Let's begin by looking at a bad example. Let g = 0 on [0,2], and let fn squash down to 0 uniformly. However, each fn has a small bump at one. The height of the bump is bounded by ε, as the functions approach 0, and the width of the bump decreases accordingly. Still, the bump is always rising at 1, so that the derivative at 1 is always 1. The bump reaches its maximum shortly thereafter, then drops back down towards the x axis, looking a bit like the bell curve. As n approaches infinity, the derivatives approach 0 everywhere, except for x = 1, which always has a derivative of 1. Obviously this does not agree with g. In summary, the original functions converge uniformly, and the derivatives converge pointwise; yet the limit of the derivatives is not g′. Something more is needed. As we shall see, the derivatives must converge uniformly. In this case, the derivatives are continuous on [0,2], and the limit function is not, thus convergence is not uniform.
The easiest way to prove this theorem is to combine the previous theorem with the fundamental theorem of calculus.
Assume each fn is differentiable on a fixed interval [a,b], and assume these derivatives converge to a function h, at least on the interval [a,b].
Obviously each function fn′ is integrable, its integral being fn. Actually its integral, evaluated at x, is fn(x)-fn(a), for any x in [a,b].
Now assume we can prove, using the previous theorem, that the integral of h, from a to x, is the limit of the integrals of fn′, from a to x, for every x in [a,b]. This is usually done by proving the sequence of derivative functions fn′ is uniformly convergent over [a,b], though there are other methods.
The integral of h, from a to x, is now the limit of f(x)-f(a), which is equal to g(x)-g(a). Take derivatives, and h = g′. In other words, the limit of the derivatives equals the derivative of the limit function.
The above describes a sequence of convergent, differentiable functions, but this can be extended to a series of functions in the usual way. If we are given a series of functions, we can interchange differentiation and summation, provided the sequence of partial sums meets the criteria outlined above.
Since fn converges uniformly on the region, it converges uniformly on a small circle about p. As z moves around the circle, let d = z-p. Divide each fn by d2. When fn is within ε of its limit g, fn/d2 is within ε/r2 of g/d2. In other words, convergence remains uniform, even after dividing by d2.
With uniform convergence, the limit of the integral is the integral of the limit, hence the contour integral of g/d2, around the circle, is the limit of the contour integrals of fn/d2. Therefore g′ is the limit of fn′.
But how do we know g is differentiable? It is the uniform limit of continuous functions, hence continuous. Also, contour integrals of f, which are 0, converge to contour integrals of g, which must also be 0. This satisfies the conditions of morera's theorem, hence g is analytic.
What about the second derivative at p? Choose r small, so that the disk of radius 2r, centered at p, lies entirely inside our simply connected region.
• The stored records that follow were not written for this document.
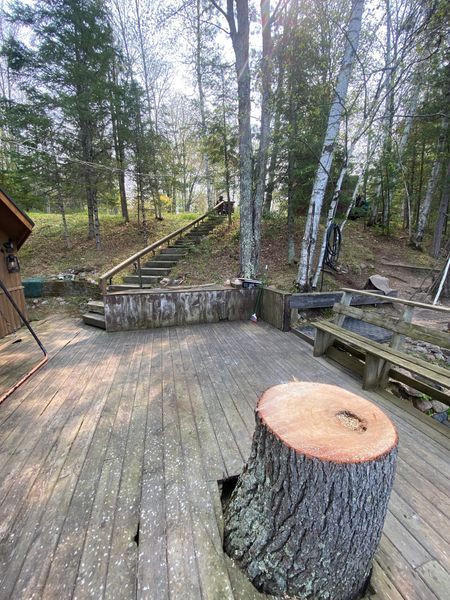 A wooden deck with a tree stump in the middle of it.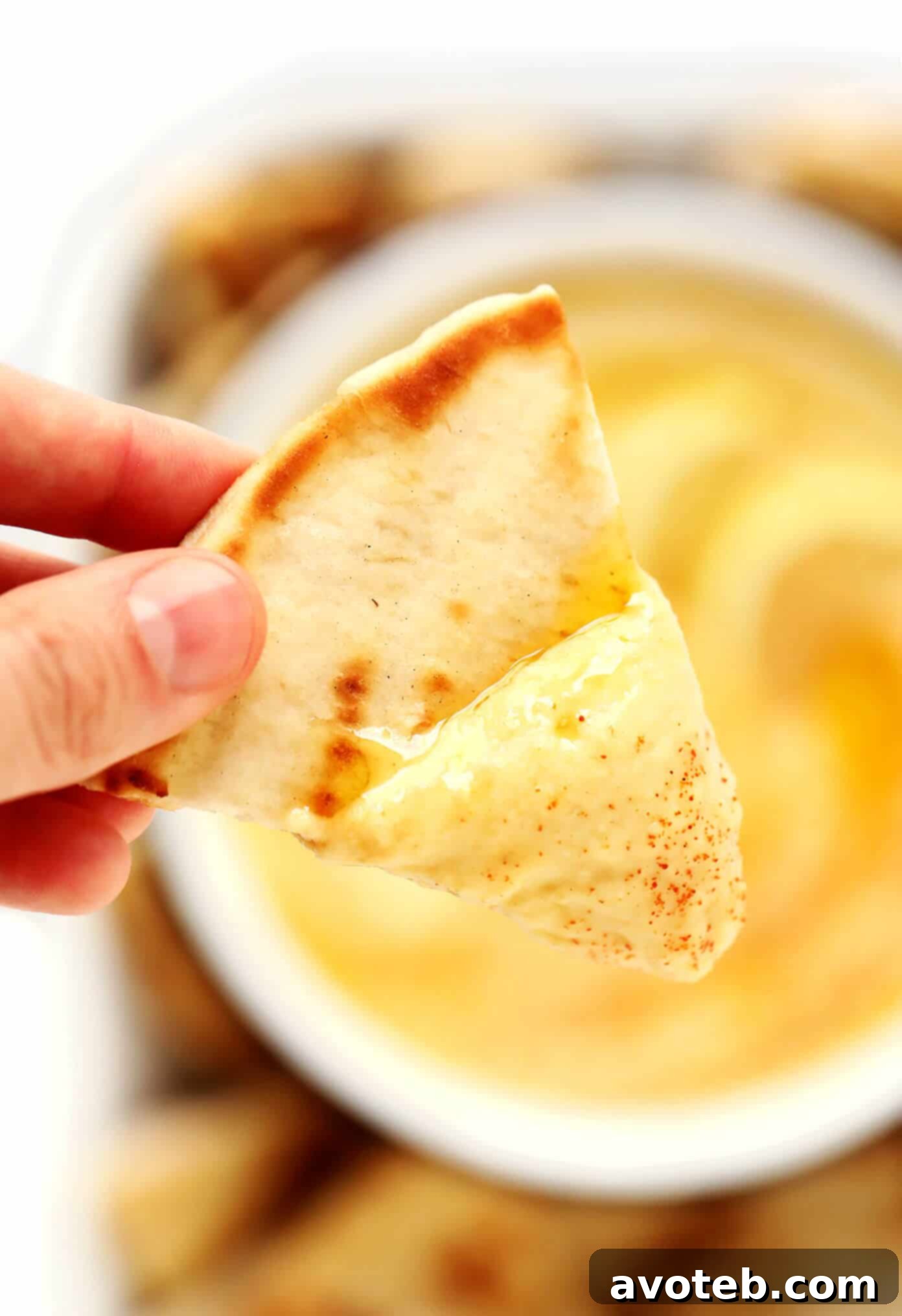 Closeup of Greek Fava Dip with pita bread, showing creamy texture and garnishes.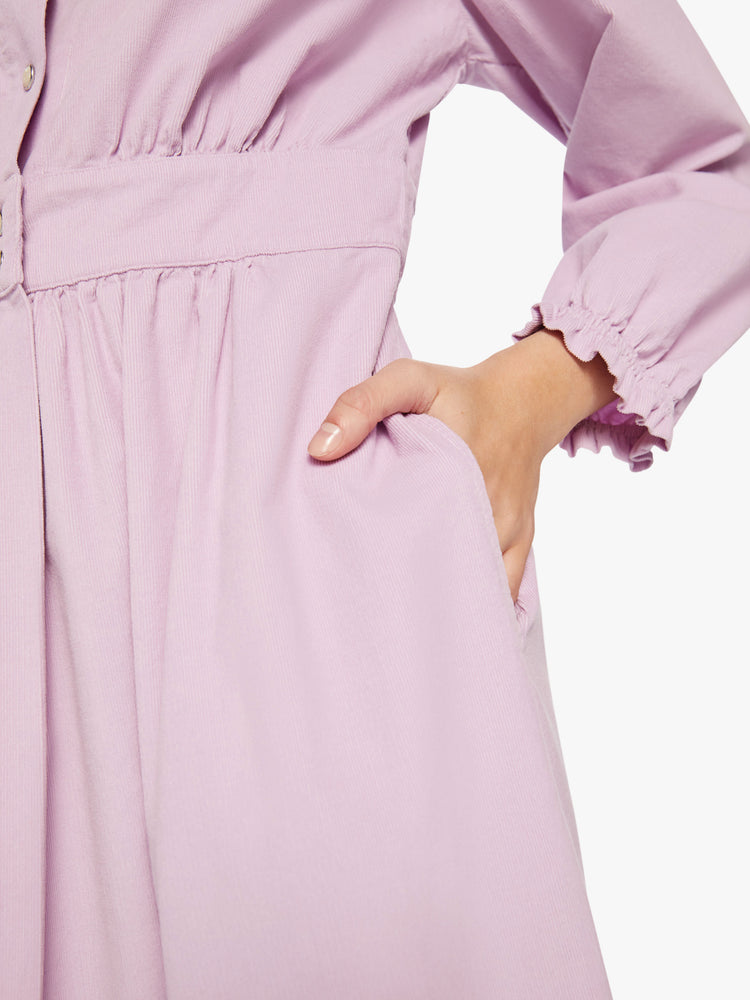 Swatch view of woman soft lilac dress with a buttoned V-neck, long sleeves, a gathered waistline and a tiered skirt.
By the above, the sequence fn′ converges pointwise to g′. If it converges uniformly, on the disk of radius r, apply the theorem again, and g′′(p) is the limit of fn′′(p).
To show uniform convergence, return to the definition of a derivative as a contour integral. The circles that define these contour integrals will always have radius r. Take a contour integral around a point x, close to p, and the circle lies within the disk of radius 2r centered at p. We know that fn converges uniformly on this larger disk of radius 2r. The same holds for fn/d2. The contour integrals that define fn′(x) converge uniformly to g′(x), as long as x is within r of p. Therefore the first derivatives converge uniformly on a small disk about p, and g′′(p) is the limit of fn′′(p).
By induction, the kth derivative of any point p in the interior of our simply connected region is the limit of the kth derivatives of fn, where each fn is analytic, and the sequence fn uniformly converges to g.
Note that the functions only need converge uniformly on a small disk about p. Find such a disk for each p, and the theorem remains valid. In other words, we only need local uniform convergence, i.e. uniform convergence on a small open set about each point p.